Anche sul versante politico, le acque sono tutt’altro che tranquille, nonostante i comunicati e le dichiarazioni ufficiali che tentano di gettare camomilla sul fuoco. L’assessore Gisella Introzzi ha un tasso di impopolarità non irrilevante all’interno della stessa maggioranza, dove i consueti appetiti di poltrone rischiano di creare una situazione dagli esiti incontrollabili.
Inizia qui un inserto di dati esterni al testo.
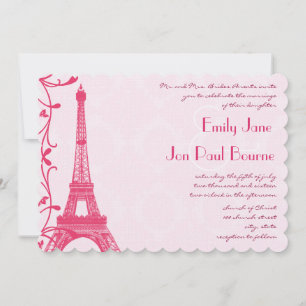 Convite Fuchsia Raspberry Eiffel Tower  Wedding Invitation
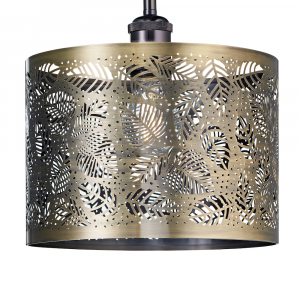 Contemporary Antique Brass Metal Pendant Light Shade with Fern Leaf Decoration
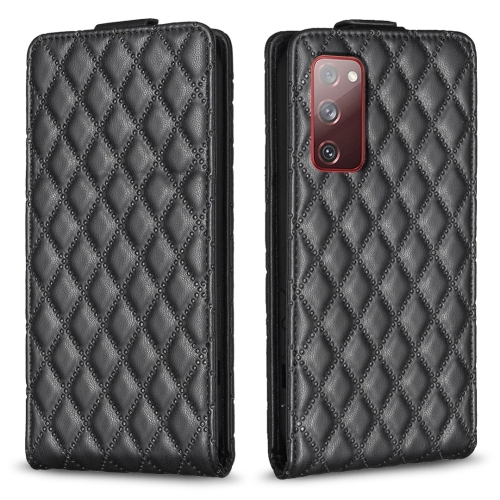 

For Samsung Galaxy S20 FE Diamond Lattice Vertical Flip Leather Phone Case(Black)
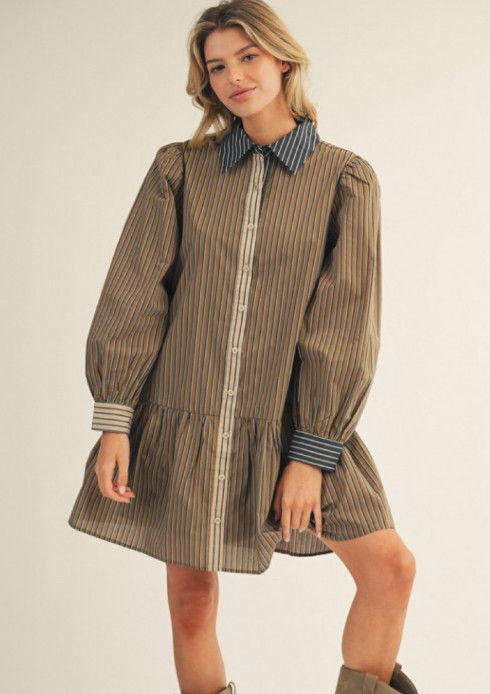 Long sleeves button down stripe dress with side pockets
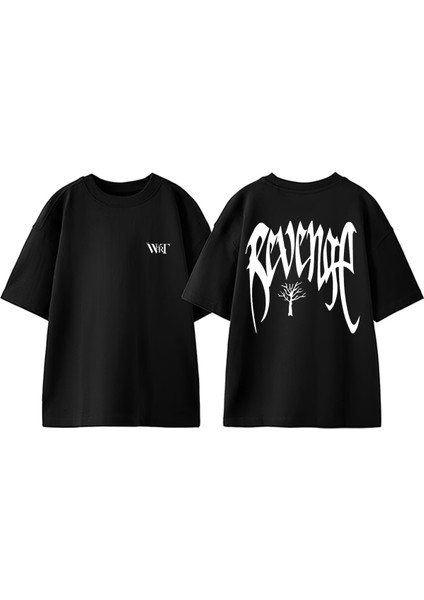Xxxtentacion Revenge Logo Tasarım Sırt Baskılı Pamuk Siyah Oversize T-Shirt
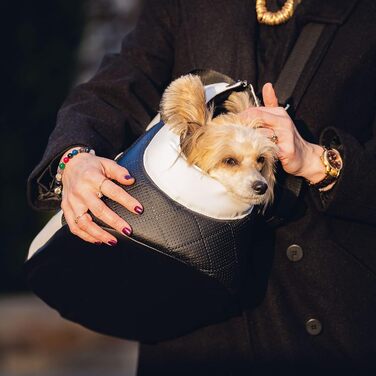 Сумка-переноска для собак та котів Boutique Zoo, чорно-біла (штучна шкіра), до 5 кг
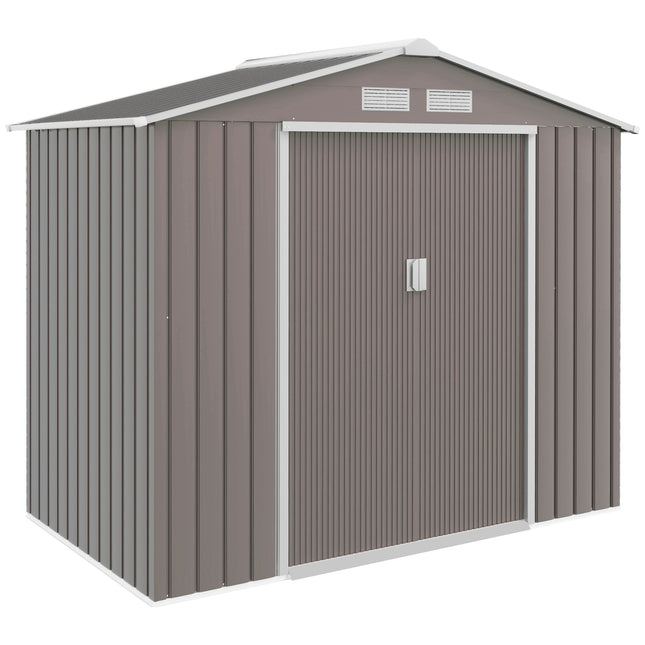 7' x 4' x 6' Outdoor Storage Shed Metal Garden Tool Storage Shed with Sloped Roof - Gray / White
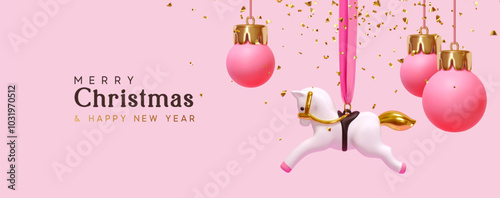 Merry Christmas and Happy New Year Banner and web poster. Realistic 3d design hangs on pink ribbon little white horse and Xmas pink baubles on bright pink soft background. Vector illustration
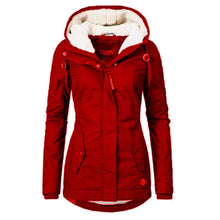 Load image into Gallery viewer, Cap Point Red / S Women Waterproof Hooded Fleece Lined Cotton Coat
Per questa ragione il sindaco ha deciso di blindare la squadra perché toccare una sola casella significherebbe il rischio di un effetto domino. Ma questa certo non è la cura migliore per il mal di pancia. Il fatto che, con apprezzabile sincerità, Lucini ammetta di non trovare nessuno (si presume all’esterno dell’amministrazione) all’altezza della poltrona di assessore alle Finanze, è un’altra spia di un rapporto con la società civile che si è sfilacciato. Certo, va detto che quell’assessorato è un cammino di spine paragonabile al ministero per l’Economia del governo nazionale. Renzi però alla fine un volontario con le carte in regola lo ha trovato. Il primo cittadino di Como rischia invece di essere costretto a tenersi una delega che non agevola certo la popolarità , con un bilancio che gronda sangue e costringerà il sindaco assessore, salvo miracolosi interventi di soccorso renziano, ad agire sulla dolorosa leva delle tasse comunali. Considerato che i comaschi sono reduci da un aumento dei parcheggi blu (il famoso incremento deciso dal dirigente Lorini all’insaputa di Lucini e dell’assessore alla partita Daniela Gerosa, poi cancellato dal sindaco ma solo per qualche mese) si può comprendere come possa essere accolta un’altra stangatina.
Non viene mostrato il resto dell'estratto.